On June 28, 2011, Defendants removed the action to this Court. Dkt. 1. In the notice of removal, Defendants contend that Cortland alleges "Violation of Protected Rights, Declaratory Relief, [and] Outrage. . . ." Id. at 2.
On July 13, 2011, Defendants filed a motion to dismiss and cancellation of lis pendens. Dkt. 8. On July 25, 2011, Cortland responded. Dkt. 10. On August 5, 2011, Defendants replied. Dkt. 11.
II. DISCUSSION
A. Standard
Motions to dismiss brought under Rule 12(b)(6) of the Federal Rules of Civil Procedure may be based on either the lack of a cognizable legal theory or the absence of sufficient facts alleged under such a theory. Balistreri v. Pacifica Police Department, 901 F.2d 696, 699 (9th Cir. 1990). Material allegations are taken as admitted and the complaint is construed in the plaintiff's favor. Keniston v. Roberts, 717 F.2d 1295, 1301 (9th Cir. 1983). To survive a motion to dismiss, the complaint does not require detailed factual allegations but must provide the grounds for entitlement to relief and not merely a "formulaic recitation" of the elements of a cause of action. Bell Atlantic Corp. v. Twombly, 127 S. Ct. 1955, 1965 (2007). Plaintiffs must allege "enough facts to state a claim to relief that is plausible on its face." Id. at 1974. When deciding a motion to dismiss, the Court's consideration is limited to the pleadings. Fed.R.Civ.P. 12(d).
B. Defendants' Motion
Defendants move to dismiss Cortland's claims for violations of 42 U.S.C. §§ 1983 and 1985. Dkt. 8 at 3. Defendants also request that the Court order removal of the lis pendens on the Myers' home. Id. In their reply, Defendants state that Cortland has voluntarily removed the lis pendens. Dkt. 11 at 3. Therefore, the Court will only address Cortland's causes of action.
1. Section 1983
Section 1983 is a procedural device for enforcing constitutional provisions and federal statutes; the section does not create or afford substantive rights. Crumpton v. Gates, 947 F.2d 1418, 1420 (9th Cir. 1991). In order to state a claim under 42 U.S.C. § 1983, plaintiffs must demonstrate that (1) the conduct complained of was committed by a person acting under color of state law and that (2) the conduct deprived a person of a right, privilege, or immunity secured by the Constitution or by the laws of the United States. Parratt v. Taylor, 451 U.S. 527, 535 (1981), overruled on other grounds by Daniels v. Williams, 474 U.S. 327 (1986). Section 1983 is the appropriate remedy only if both elements are satisfied. Haygood v. Younger, 769 F.2d 1350, 1354 (9th Cir. 1985).

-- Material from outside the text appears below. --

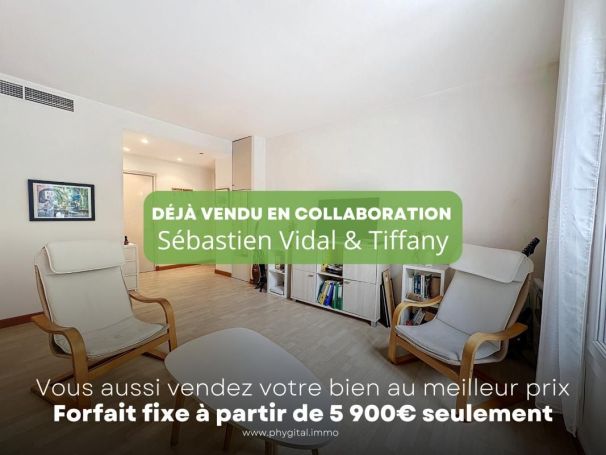 A louer APPARTEMENT T4 86 M2 BORD DE MER ANTIBES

In this case, Defendants argue that, based on Cortland's allegations, Myers was not acting under color of state law. Dkt. 8 at 3. Defendants cite Polk County v. Dodson, 454 U.S. 312, 319 n. 9, 325 (1981), for the proposition that a "private attorney performing a lawyer's traditional function cannot be considered to act under color of state law." Dkt. 8 at 3. In Polk, however, the Court expressly limited its holding by stating "that a public defender does not act under color of state law when performing a lawyer's traditional functions as counsel to a defendant in a criminal proceeding." Polk, 454 U.S. at 325. The Court has further clarified that "the [Polk] case turned on the particular professional obligation of the criminal defense attorney to be an adversary of the State, not on the independence and integrity generally applicable to professionals as a class." West v. Atkins, 487 U.S. 42, 52 (1988). Moreover, defendants "are not removed from the purview of § 1983 simply because they are professionals acting in accordance with professional discretion and judgment." Id. However, the Court need not address the issue of whether Myers acted under color of state law in processing Cortland's public records requests because Cortland has failed to assert sufficient allegations to establish the second element of his cause of action.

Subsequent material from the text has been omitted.